After finding "Think a moment" in the material below, output its line and every line after it through the last, exactly, but not the pictures.

+===+

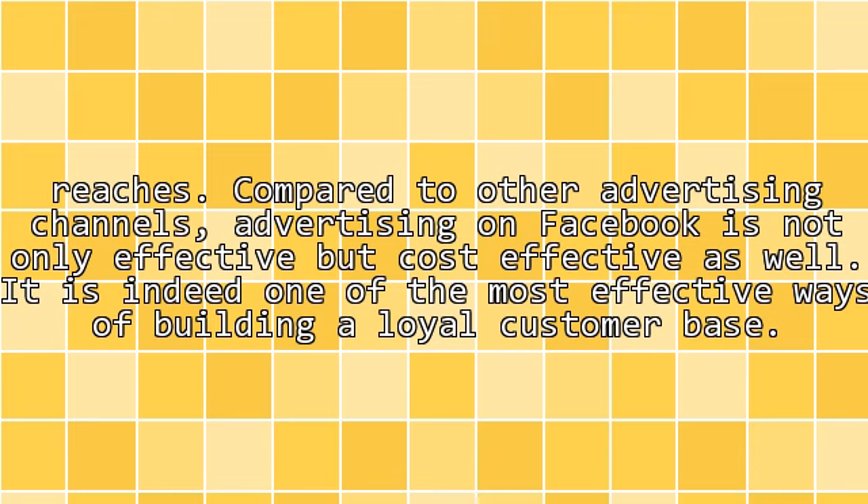Compared to other advertising channels, advertising on Facebook is not only effective, but cost-effective as well. It is indeed one of the most effective ways of building a loyal customer base.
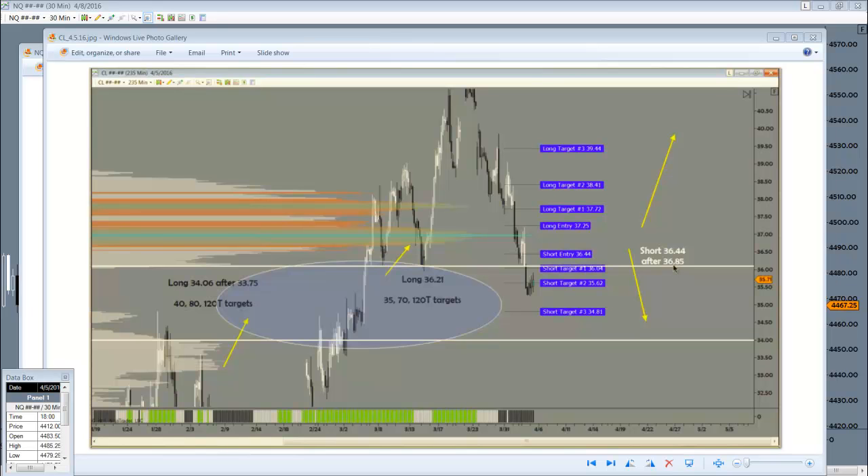Alrighty traders, George here, and time for a look at the trades of the week. For those of you that have the balance beam model, or for those of you that are subscribing to the signals, these are shots from the video that you saw Tuesday morning.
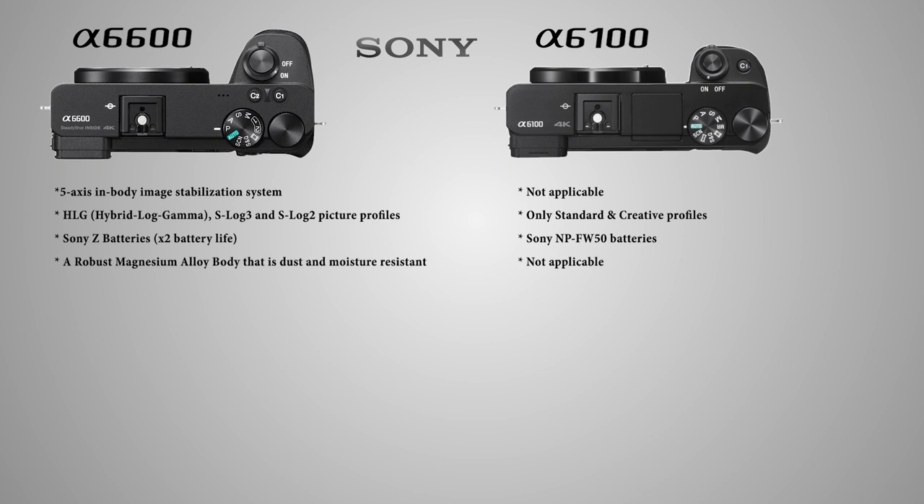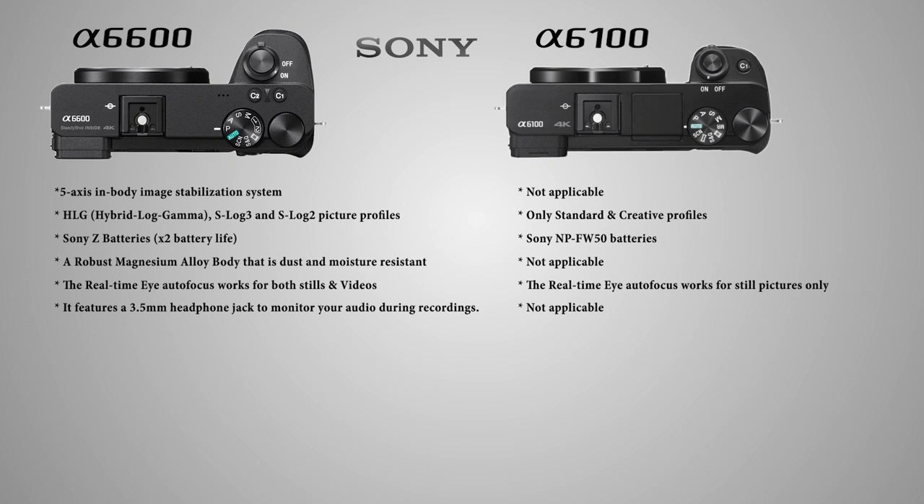The A6600 features a robust magnesium alloy body that is dust and moisture resistant. The real-time autofocus on the A6100 works for still pictures only, whereas the A6600 has it working for both stills and video. The A6600 also features a 3.5mm headphone jack to monitor your audio during recordings.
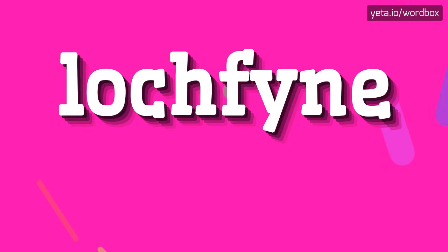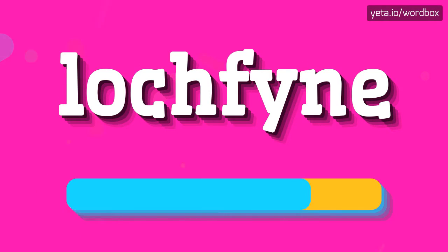Hey, thanks for watching my channel. In this video I would like to present how to pronounce this word. Lochfyne. Lochfyne. And again: Lochfyne. Lochfyne.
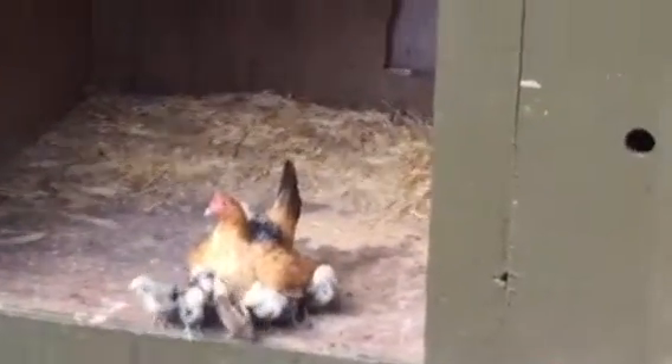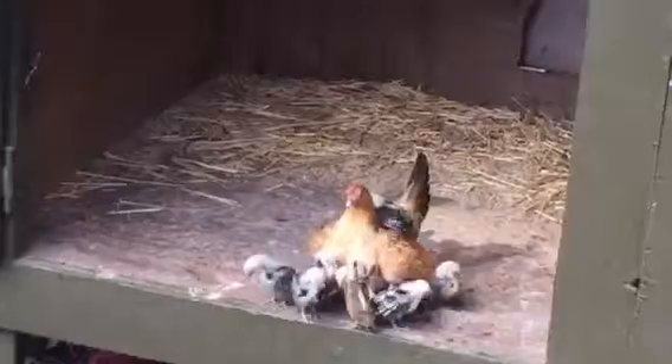It's so adorable. I had to film it. Mama waited patiently for all of her babies to jump up from down there. And there they are. So cute!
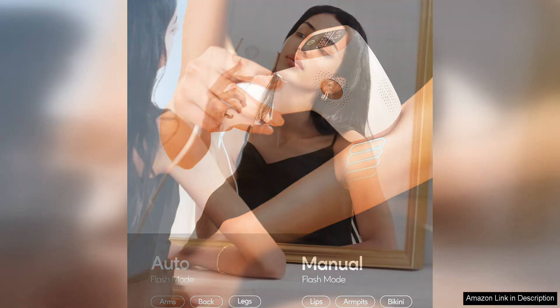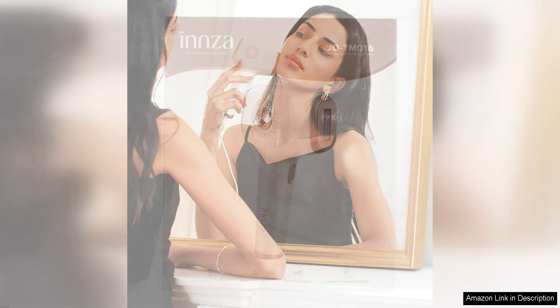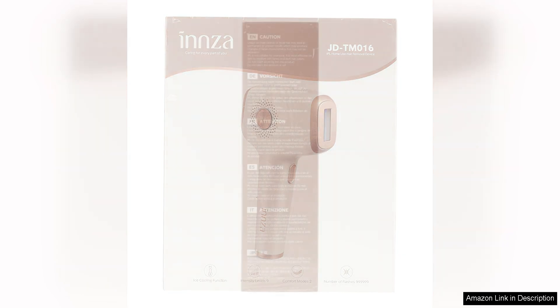I appreciate the convenience of being able to do my own treatments at home, saving both time and money compared to salon visits. The device is easy to use with simple instructions that make it suitable for beginners. It has multiple intensity levels allowing for customization based on individual preferences and sensitivity.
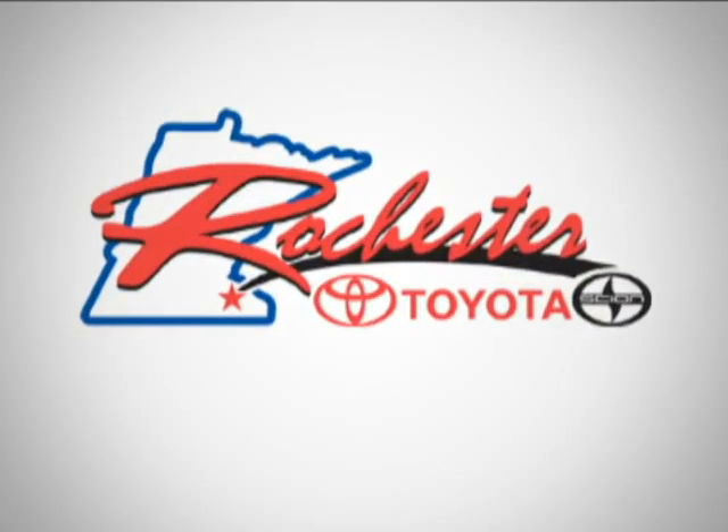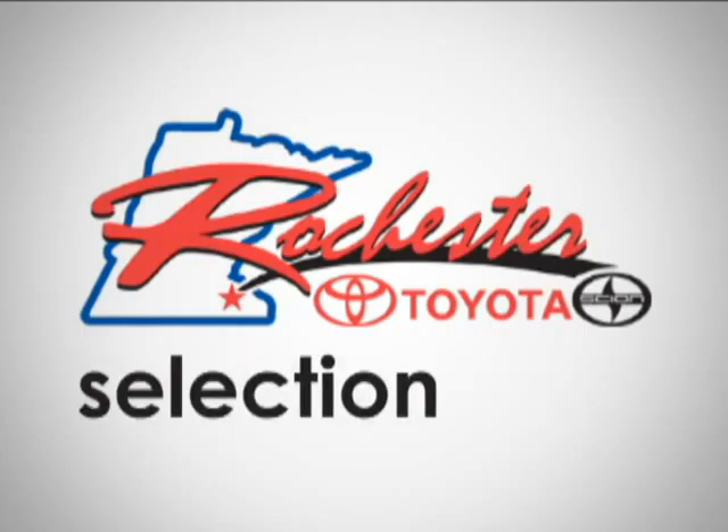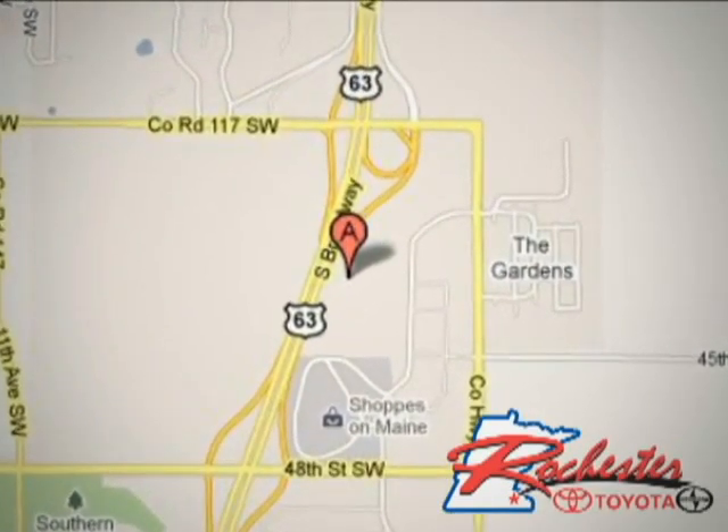Stop in today. At Rochester Toyota Scion, we're all about service and selection. We are conveniently located between 40th Street and 48th Street Southeast on Highway 63 South in Rochester.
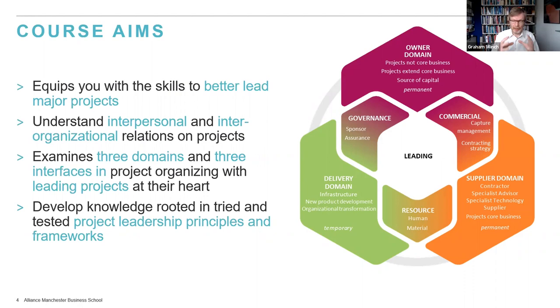Binding it all together and driving this short course is leadership — leading. That's at the heart of the Three Domains of Project Organizing. You'll learn skills to equip yourself to better lead major projects, understand interpersonal and inter-organizational relations, go through the three domains and three interfaces, and develop your knowledge rooted in tried and tested project leadership principles and frameworks.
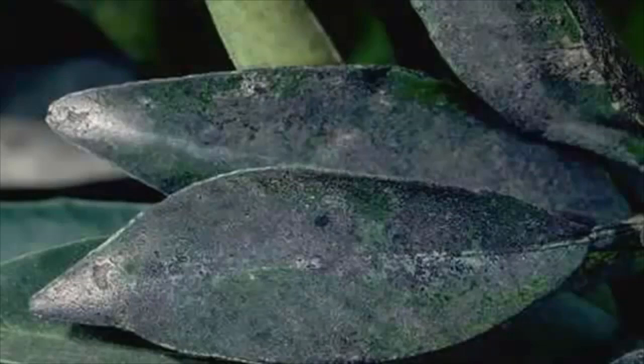If you have this problem give us a call, we can help. This is what sooty mold looks like. It's sooty and moldy looking and it develops on leaves or fruits that have been fouled by honeydew left by sap sucking insects. We can help — give us a call.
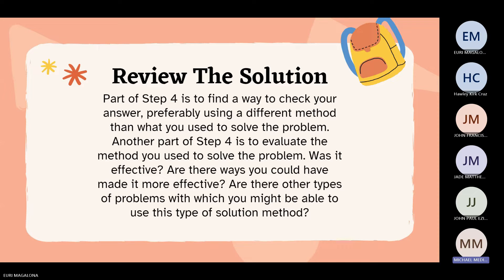Step four is to review the solution. Part of step four is to find a way to check your answer, preferably using a different method than what you used to solve the problem. Another part of step four is to evaluate the method you used. Was it effective? Are there ways you should have made it more effective? Are there other types of problems with which you might be able to use this type of solution method?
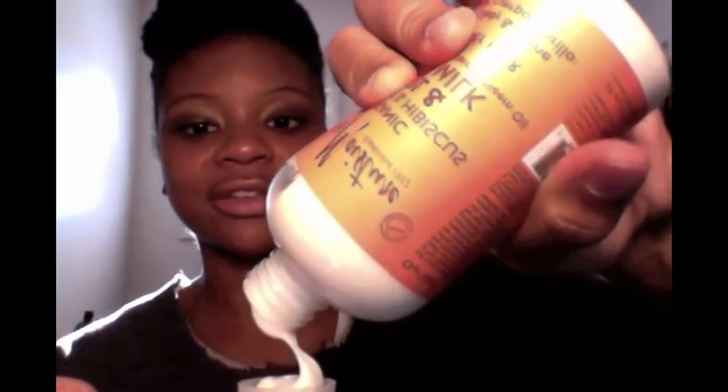The curl and style milk — I like this. It has some slip to it, it feels moisturizing, and it gives my hair a little bit of shine. It's not greasy, not super thick, not runny. You can see me pouring it — it's almost like the consistency of a really thick lotion. I like the consistency of it a lot.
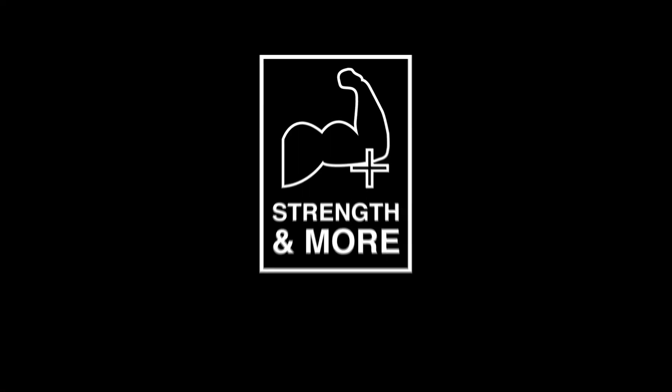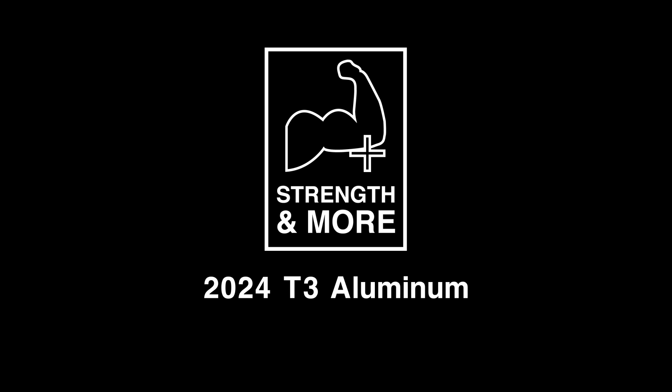Strength and more with 2024. The entire aviation world counts on us, and you should too.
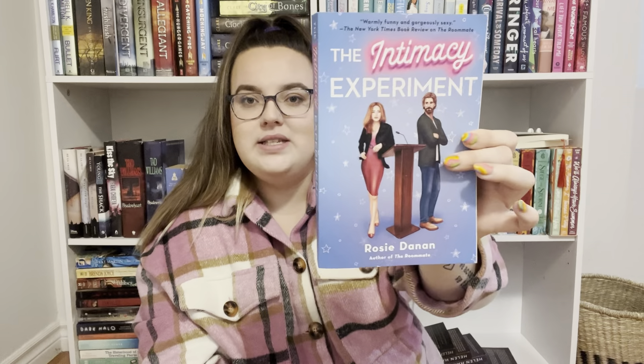The next book I have here I've seen a lot. I don't know too much about it, but it's called The Intimacy Experiment — I think by Rosie Danan, the author of The Roommate. I really like the cover of this one. I've heard a lot of great reviews about it and wanted to check it out for myself. I think it's going to be really good and it's higher up on my list of books to read, so I'll be getting to that one soon — hopefully in my next video covering May reads.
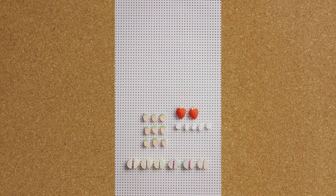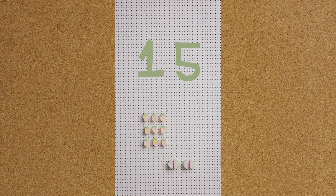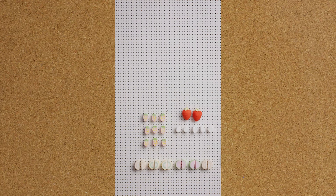Think a moment before checking the answer. How many of the candies are not pink? How many candies are pink and green? How many candies are pink or green?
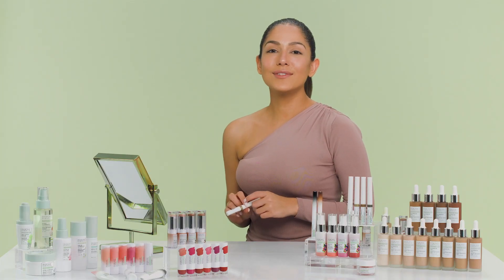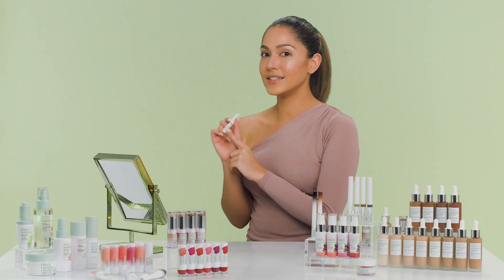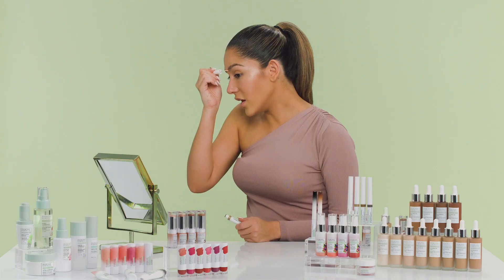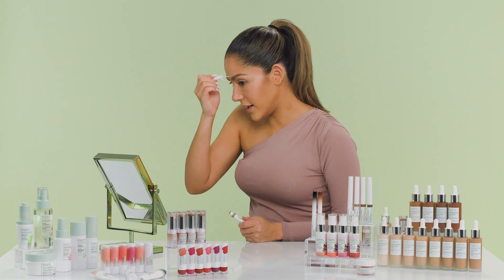The next product is for the eyebrows — the brow shaping gel. It's super simple and fast. I'm using soft taupe, and it comes in four colors: clear, soft taupe, soft brown, and soft black. Shake it before you open it, then twist it open and sweep the brush through your eyebrows to set them in place and give a soft color. This has jojoba oil which is moisturizing, and organic coconut oil to condition, groom, and define your eyebrows — because we all want really good eyebrows.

+===+

* **Reply**:
Think a moment before checking the answer. How many of the candies are not pink? How many candies are pink and green? How many candies are pink or green?
The next product is for the eyebrows — the brow shaping gel. It's super simple and fast. I'm using soft taupe, and it comes in four colors: clear, soft taupe, soft brown, and soft black. Shake it before you open it, then twist it open and sweep the brush through your eyebrows to set them in place and give a soft color. This has jojoba oil which is moisturizing, and organic coconut oil to condition, groom, and define your eyebrows — because we all want really good eyebrows.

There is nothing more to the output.